« Nous avons un développement sur 5 ans avec pour objectif une certification de Transport Canada et l’Union Européenne vers 2023 pour la commercialisation. »
— Sébastien Gendron, PDG et cofondateur de la start-up canadienne TransPod Hyperloop
Qu’est-ce que l’Hyperloop ? En bref, cela consiste en un double tube surélevé. À l’intérieur des tubes, sous basse pression pour limiter les frictions de l’air, se déplacent des nacelles capables d’accueillir des passagers, et donc pressurisées, qui seraient éventuellement propulsées par un certain nombre de moteurs à induction linéaire situés dans les tubes.
Par Jean Brindamour
L’idée n’est pas nouvelle. L’un des plus grands ingénieurs du XXe siècle, Robert Goddard (1882-1945), un pionnier en astronautique, a conçu dans les années 1910 (on a retrouvé ses notes après sa mort) un modèle presque identique à celui de l’Hyperloop.
Elon Musk
Mais c’est le richissime ingénieur et homme d’affaires Elon Musk, celui-là même qui inspira Robert Downey Jr. dans son interprétation de Tony Stark (Iron Man), qui a introduit le concept et le nom d’Hyperloop en 2013. Parmi les défis techniques auxquels s’est attaquée l’équipe d’Elon Musk, mentionnons au moins la difficulté de réduire au maximum la pression à l’intérieur du tube.
Au départ, le fondateur de Tesla (les voitures électriques et bientôt autonomes) et de SpaceX (Musk prépare fébrilement la colonisation de la planète Mars) n’a déposé aucun brevet. Encourageant la recherche dans un contexte d’« open source », il a déclaré en 2013 qu’il pourrait financer ou conseiller un projet d’Hyperloop, mais qu’il voulait se concentrer sur SpaceX et Tesla. Des start-ups furent créées, notamment l’une par des proches de Musk, Shervin Pishevar et Kevin Brogan, deux des fondateurs, en 2014, d’Hyperloop Technologies Inc., qui a pris le nom en décembre 2015 d’Hyperloop One. Un autre grand joueur est Hyperloop Transportation Technologies (HTT). Mais Musk est un oiseau de proie, un homme aux ambitions démesurées, et il semble vouloir reprendre ce qu’il considère comme son bien.

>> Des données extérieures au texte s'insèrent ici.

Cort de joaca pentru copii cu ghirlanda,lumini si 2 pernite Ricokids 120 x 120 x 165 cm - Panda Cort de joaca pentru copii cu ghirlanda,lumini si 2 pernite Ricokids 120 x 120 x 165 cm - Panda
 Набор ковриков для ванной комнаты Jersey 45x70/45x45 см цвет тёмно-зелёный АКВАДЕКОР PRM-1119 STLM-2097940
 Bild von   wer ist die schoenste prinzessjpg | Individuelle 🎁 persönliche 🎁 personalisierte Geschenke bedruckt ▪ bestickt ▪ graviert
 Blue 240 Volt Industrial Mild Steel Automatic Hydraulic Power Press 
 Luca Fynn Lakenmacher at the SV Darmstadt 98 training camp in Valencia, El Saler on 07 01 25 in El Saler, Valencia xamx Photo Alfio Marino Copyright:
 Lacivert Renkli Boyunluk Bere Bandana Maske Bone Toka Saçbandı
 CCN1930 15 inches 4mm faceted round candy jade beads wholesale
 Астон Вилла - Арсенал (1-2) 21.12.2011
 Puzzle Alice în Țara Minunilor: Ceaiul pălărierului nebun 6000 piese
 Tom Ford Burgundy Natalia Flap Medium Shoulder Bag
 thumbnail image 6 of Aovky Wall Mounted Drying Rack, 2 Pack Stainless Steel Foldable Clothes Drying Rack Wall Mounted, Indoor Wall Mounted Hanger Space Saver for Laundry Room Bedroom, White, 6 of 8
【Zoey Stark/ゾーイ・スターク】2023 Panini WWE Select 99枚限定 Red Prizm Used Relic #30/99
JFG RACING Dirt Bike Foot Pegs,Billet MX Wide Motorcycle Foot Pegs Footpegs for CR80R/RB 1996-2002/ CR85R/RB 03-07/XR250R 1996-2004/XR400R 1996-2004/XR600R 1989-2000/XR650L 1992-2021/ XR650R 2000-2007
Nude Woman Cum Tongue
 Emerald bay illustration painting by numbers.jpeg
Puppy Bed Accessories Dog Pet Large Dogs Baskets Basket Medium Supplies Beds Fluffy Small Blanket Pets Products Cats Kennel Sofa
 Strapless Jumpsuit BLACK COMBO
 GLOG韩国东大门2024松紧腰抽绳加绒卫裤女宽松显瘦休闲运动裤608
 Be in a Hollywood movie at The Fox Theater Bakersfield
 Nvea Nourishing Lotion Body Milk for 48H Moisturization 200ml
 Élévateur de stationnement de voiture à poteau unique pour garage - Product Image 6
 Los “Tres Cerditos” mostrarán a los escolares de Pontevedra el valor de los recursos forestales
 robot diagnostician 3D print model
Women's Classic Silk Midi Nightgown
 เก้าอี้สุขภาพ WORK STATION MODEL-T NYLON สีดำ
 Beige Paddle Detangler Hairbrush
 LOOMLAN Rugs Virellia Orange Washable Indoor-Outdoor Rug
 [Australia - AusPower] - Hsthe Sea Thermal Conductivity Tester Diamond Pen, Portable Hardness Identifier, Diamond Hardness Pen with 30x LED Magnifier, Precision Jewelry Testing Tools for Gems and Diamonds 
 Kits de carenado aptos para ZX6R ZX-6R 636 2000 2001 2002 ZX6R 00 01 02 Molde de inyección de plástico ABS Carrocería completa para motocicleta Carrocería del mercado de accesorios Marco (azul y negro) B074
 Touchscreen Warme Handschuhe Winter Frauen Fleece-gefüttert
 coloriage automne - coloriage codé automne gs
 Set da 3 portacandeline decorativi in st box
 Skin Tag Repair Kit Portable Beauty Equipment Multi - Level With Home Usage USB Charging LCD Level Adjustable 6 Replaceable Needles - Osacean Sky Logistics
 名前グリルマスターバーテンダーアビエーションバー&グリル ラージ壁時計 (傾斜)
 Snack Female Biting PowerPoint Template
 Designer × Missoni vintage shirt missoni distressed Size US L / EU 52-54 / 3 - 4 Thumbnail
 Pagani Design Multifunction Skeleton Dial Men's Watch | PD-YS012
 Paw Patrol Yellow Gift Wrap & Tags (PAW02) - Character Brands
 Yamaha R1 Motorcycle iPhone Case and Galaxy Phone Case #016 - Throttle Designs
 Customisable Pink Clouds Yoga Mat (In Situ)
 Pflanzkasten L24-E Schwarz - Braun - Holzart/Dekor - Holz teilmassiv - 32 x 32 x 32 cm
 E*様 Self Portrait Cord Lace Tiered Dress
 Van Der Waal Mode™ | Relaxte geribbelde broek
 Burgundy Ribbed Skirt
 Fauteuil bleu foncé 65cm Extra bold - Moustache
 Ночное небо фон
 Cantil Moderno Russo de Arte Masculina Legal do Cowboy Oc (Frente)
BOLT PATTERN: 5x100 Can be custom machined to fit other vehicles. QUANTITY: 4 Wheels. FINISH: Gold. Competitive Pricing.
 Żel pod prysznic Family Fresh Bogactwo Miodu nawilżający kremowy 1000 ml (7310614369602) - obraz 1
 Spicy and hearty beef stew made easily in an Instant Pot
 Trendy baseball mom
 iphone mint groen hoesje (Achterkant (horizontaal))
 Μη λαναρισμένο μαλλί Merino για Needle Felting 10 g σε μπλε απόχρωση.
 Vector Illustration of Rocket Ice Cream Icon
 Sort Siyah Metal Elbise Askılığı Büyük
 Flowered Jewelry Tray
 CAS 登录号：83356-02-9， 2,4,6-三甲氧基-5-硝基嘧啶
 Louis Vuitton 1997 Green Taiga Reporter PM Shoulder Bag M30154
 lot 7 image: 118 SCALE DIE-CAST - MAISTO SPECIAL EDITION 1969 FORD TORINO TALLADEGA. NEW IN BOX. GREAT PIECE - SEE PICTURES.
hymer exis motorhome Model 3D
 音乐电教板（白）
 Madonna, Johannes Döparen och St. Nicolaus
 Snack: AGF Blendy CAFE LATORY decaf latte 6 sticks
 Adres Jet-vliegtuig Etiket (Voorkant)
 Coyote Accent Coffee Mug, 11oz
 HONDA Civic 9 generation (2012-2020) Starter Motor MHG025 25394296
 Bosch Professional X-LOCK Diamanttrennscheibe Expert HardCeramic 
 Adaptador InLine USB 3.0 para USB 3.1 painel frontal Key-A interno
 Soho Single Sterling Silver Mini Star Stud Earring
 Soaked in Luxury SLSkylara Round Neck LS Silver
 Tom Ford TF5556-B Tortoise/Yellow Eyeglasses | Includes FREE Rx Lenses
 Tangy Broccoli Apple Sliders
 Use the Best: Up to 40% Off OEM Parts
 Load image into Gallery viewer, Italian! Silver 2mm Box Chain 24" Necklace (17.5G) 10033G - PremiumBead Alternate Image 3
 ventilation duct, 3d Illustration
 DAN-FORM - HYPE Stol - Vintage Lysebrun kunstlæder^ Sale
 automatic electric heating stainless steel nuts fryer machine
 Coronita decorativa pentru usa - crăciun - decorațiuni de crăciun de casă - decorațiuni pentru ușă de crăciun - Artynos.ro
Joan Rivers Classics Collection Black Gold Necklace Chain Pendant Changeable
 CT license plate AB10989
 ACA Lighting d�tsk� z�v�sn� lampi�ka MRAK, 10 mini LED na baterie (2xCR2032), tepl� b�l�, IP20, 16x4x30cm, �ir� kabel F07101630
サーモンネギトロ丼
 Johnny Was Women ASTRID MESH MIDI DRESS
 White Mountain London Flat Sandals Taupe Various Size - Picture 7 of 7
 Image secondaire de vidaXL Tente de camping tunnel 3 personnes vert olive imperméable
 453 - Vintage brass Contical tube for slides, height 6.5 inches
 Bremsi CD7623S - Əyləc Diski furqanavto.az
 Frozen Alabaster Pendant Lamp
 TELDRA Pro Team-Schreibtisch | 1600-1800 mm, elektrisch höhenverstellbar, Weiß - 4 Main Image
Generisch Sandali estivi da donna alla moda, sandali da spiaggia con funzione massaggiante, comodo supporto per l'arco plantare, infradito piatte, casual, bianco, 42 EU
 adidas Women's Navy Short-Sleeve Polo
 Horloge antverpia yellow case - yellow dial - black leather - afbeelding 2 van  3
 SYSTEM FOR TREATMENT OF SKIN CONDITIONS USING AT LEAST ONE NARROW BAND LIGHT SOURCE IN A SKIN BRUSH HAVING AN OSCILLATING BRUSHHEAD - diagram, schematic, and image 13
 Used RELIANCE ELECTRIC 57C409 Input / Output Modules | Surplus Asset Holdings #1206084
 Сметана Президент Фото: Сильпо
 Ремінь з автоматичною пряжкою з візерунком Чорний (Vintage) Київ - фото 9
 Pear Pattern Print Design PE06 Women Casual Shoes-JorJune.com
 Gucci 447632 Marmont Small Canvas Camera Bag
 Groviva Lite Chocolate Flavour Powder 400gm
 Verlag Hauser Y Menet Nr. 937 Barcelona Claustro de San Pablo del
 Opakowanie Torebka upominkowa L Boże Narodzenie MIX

Bloomberg Business Week du 4 août 2017 soutient qu’il voudrait maintenant construire le système en entier, lui qui détient un droit sur le nom d’Hyperloop, ce qui pourrait lui permettre d’interdire à d’autres compagnies d’utiliser le mot. Mauvaise nouvelle pour la dizaine de start-ups dans le monde qui se sont lancées dans la course technologique du meilleur système d’Hyperloop.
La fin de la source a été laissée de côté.